Sunday 22 May 2016

Improvement

Working as a trainee in the UK, my focus had always been on practising medicine to the best of my abilities and to me this meant being a good clinician, making the correct diagnosis and providing effective evidence-based care.  That is what we are taught at medical school and it remains the focus throughout postgraduate training.  There was little emphasis placed on other skills such as teaching, management and service innovation.  Clinical audit was often a tick-box exercise and even if you identified a problem and wanted to make a change, there was not enough time to enact it and as a trainee, we were rarely empowered to have a significant impact.  This is slowly changing, there is a greater emphasis on clinical leadership as a result of widely publicised system failures in the UK and clinicians are being encouraged to re-engage in management.  This makes sense, we practice on the front-line, working with patients every day.  We know what the problems are so we should have a fair idea of how to solve them and improve delivery of care.

When I arrived in Sierra Leone, one of many new concepts that I was introduced to was monitoring and evaluation (M&E) and I spent several hours with my new team composing an M&E framework for the work we would be undertaking.  Although at times it felt a little tedious, it was actually useful in terms of devising a strategy for the year ahead and identifying objectives for research, training and service delivery that we wanted to achieve.  The really challenging part was deciding how we would measure success and deciding what our outcomes would be.  For example, we knew that we wanted to provide training to the nursing staff but how would we demonstrate that we had achieved what we set out to do and how could we determine whether we had been successful.  Results are all important in this business, the problem is that conducting the M&E could be a full-time job in itself.

This led me on to the topic of quality as I thought that a really interesting study would be to demonstrate that the A&E at Connaught is providing quality care to its patients and that this quality is continuously improving due to the work that we are doing alongside the local staff through our various projects.  It would be important for the organisation, positive for the staff and patients would value the service that they are receiving.  As I write this, it sounds very aspirational but I was fresh and full of enthusiasm.  I still believe it is possible eight months on but I am a little more realistic about how much can be achieved in the time I am here.  The challenge is not only in making improvements, but sustaining them and demonstrating that they have been effective, all in a resource constrained environment.

I began with a bit of a review of the literature and also considered UK emergency department quality indicators.  A review of quality measures in resource limited settings published last year in the International Journal of Emergency Medicine identified 180 different indicators of quality while a study set in South Africa using a panel of experts identified 77, of which only one was an outcome measure- that of missed injuries.    A similar process in Canada came to consensus on 48.  It strikes me that there is actually very little consensus at all and it is reassuring that far greater minds than my own have struggled to answer this question.
 
Quality measures are generally divided into structure, process and outcome. Outcome measures are arguably the most important to capture, although the hardest to measure.  For example, given the short time that patients spend in the emergency department, it is difficult to prove that our interventions have a direct impact on mortality.  The first UK quality measure, still with us but increasingly hard to achieve, is the four-hour target.  This has no doubt improved the experience of many patients attending UK A&Es but I have seen some questionable behaviour by departments to achieve this target acting under managerial pressure over the last 10 years- an unintended consequence.
 
Measures that tend to crop up regularly in the literature are time to antibiotics for patients with infection and time to treatment for patients with heart attacks.  In low-income countries such as Sierra Leone, once diagnosed with infection, patients need to buy their antibiotics as well as the cannula and drip for them to be administered.  They may not be able to afford this.  An ECG my not be available to make the diagnosis of a heart attack so most go unrecognised and the only treatment available is aspirin.  There is no formal ambulance service and it would be a long journey indeed to the nearest cardiac catheter lab so patients will present days later, or not at all.
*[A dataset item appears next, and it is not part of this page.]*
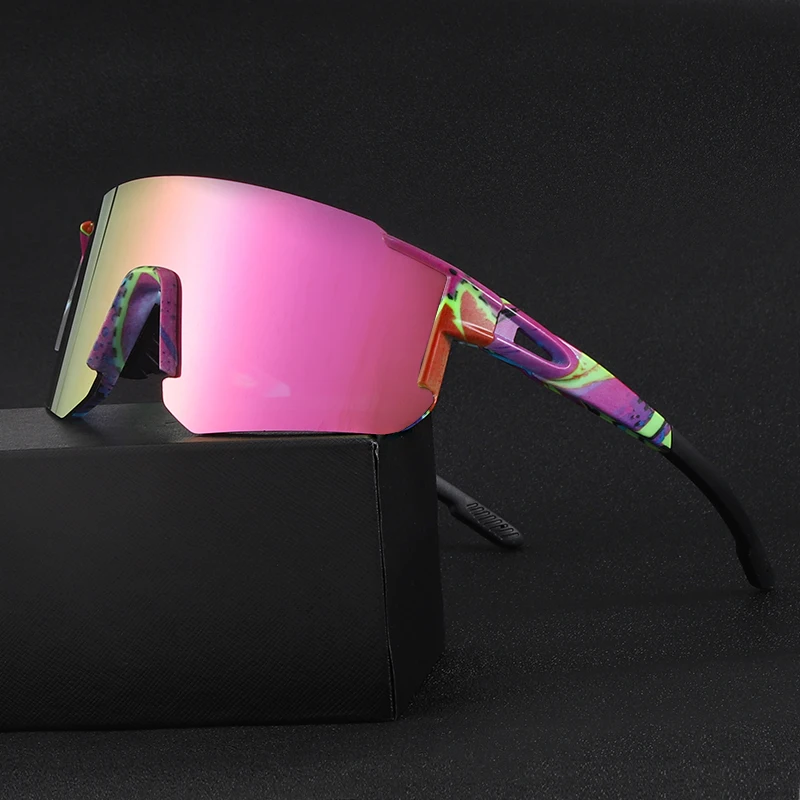 REXXAR New Cycling Glasses Bik - Mountain Biking Glasses recensie en prijs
Quality care, according to the Institute of Medicine should be safe, patient-centred, timely, effective, efficient and equitable.  Translating this to what is achievable and what can be measured in low-income settings is a real challenge but we should try our best and bear these factors in mind in whatever projects we undertake.  A lot of work has been put into developing triage at Connaught over the last few years by King’s and the hospital staff.  Taken for granted at home, triage has revolutionised care of sick patients in Freetown and has continued throughout the recent epidemic.  Emergency patients with severe traumatic injuries or life-threatening medical emergencies such as seizures and stroke may have waited hours to be seen in the past – this is not the case now.
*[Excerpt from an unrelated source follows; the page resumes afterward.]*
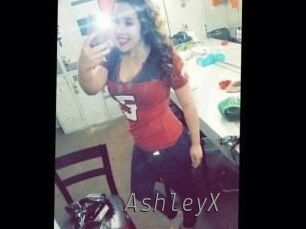 Ashley_X_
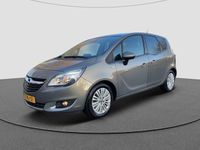 tweedehands Opel Meriva 1.4 Turbo Cosmo | automaat | climate | cruise | 29.696km!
I was fortunate to be able to present some of the work conducted on triage and represent the hospital at the International Conference for Emergency Medicine a few weeks ago in South Africa.  During this conference we took part in a consensus meeting to try and refine the list of quality indicators down and I await the final results with interest.  Meanwhile, back in Freetown, the staff are working hard, quality is improving and I have faith that there will be further progress over the next few years.